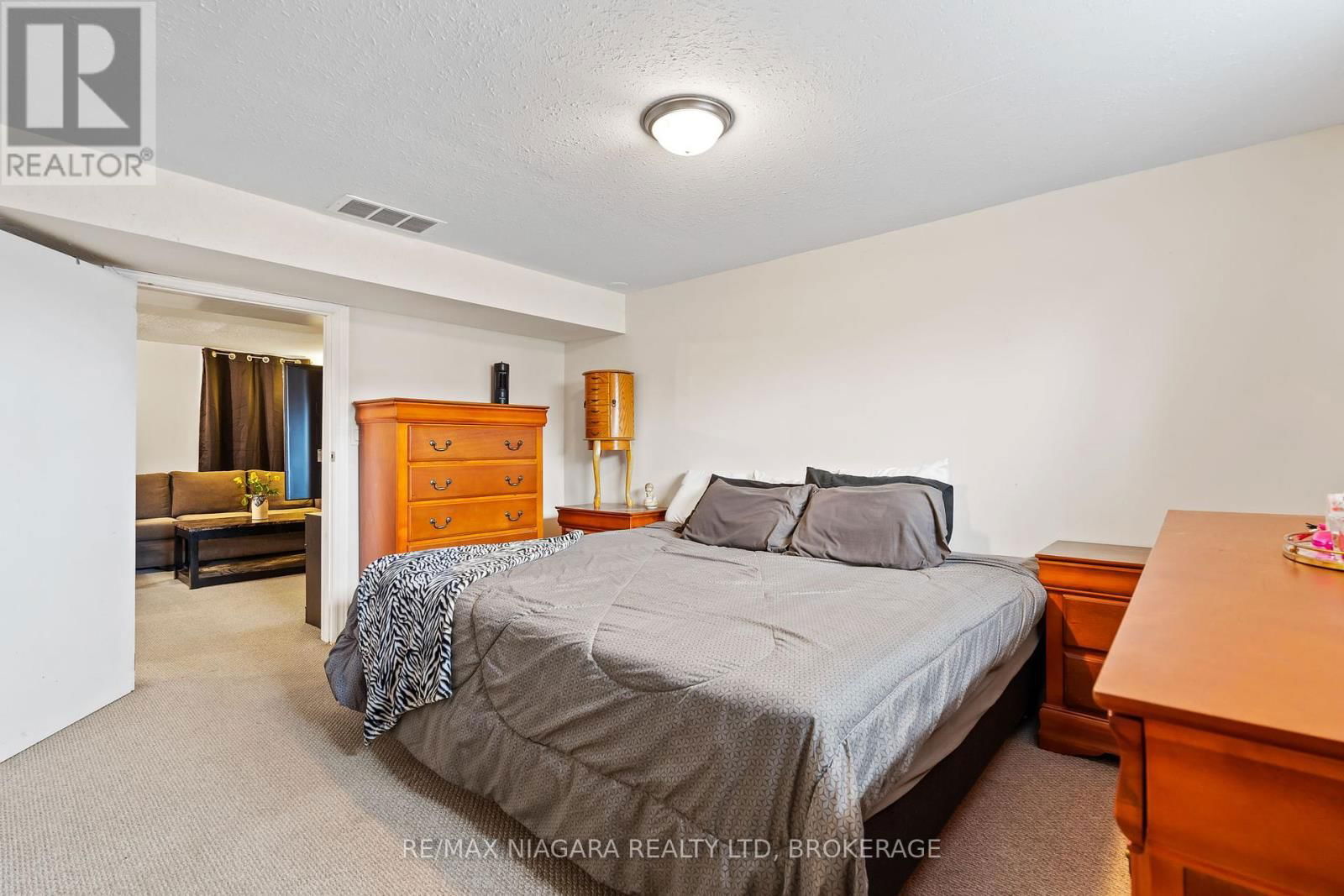 477 BELL STREET Image 25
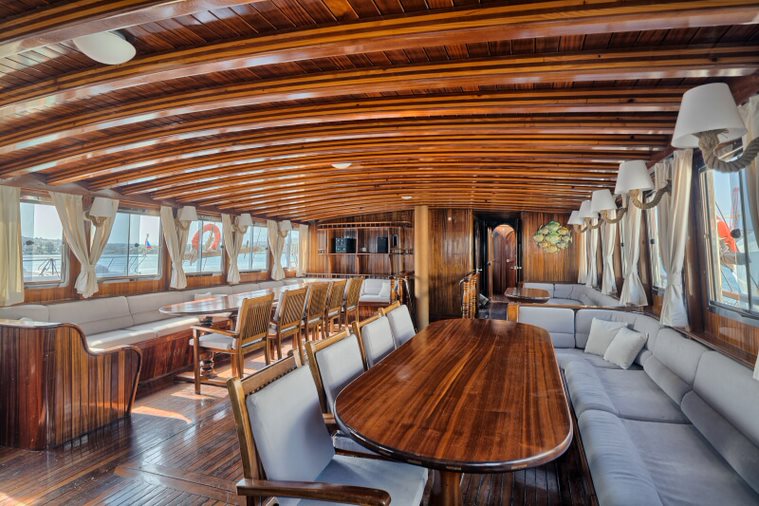 Barco Thalassa salão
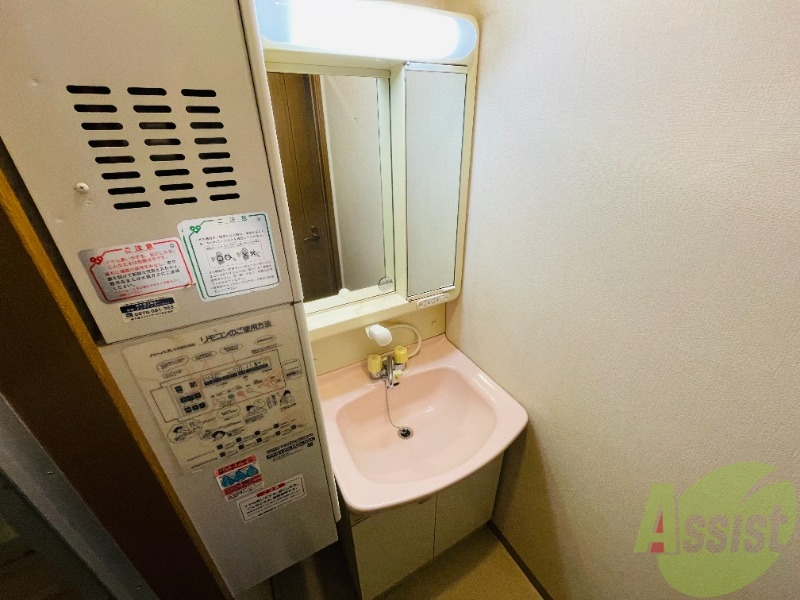 【神戸市中央区中山手通のマンションの洗面設備】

What you are asked to do
With the pictures set aside, copy each line above as written.

Completed task
 477 BELL STREET Image 25
 Barco Thalassa salão
 【神戸市中央区中山手通のマンションの洗面設備】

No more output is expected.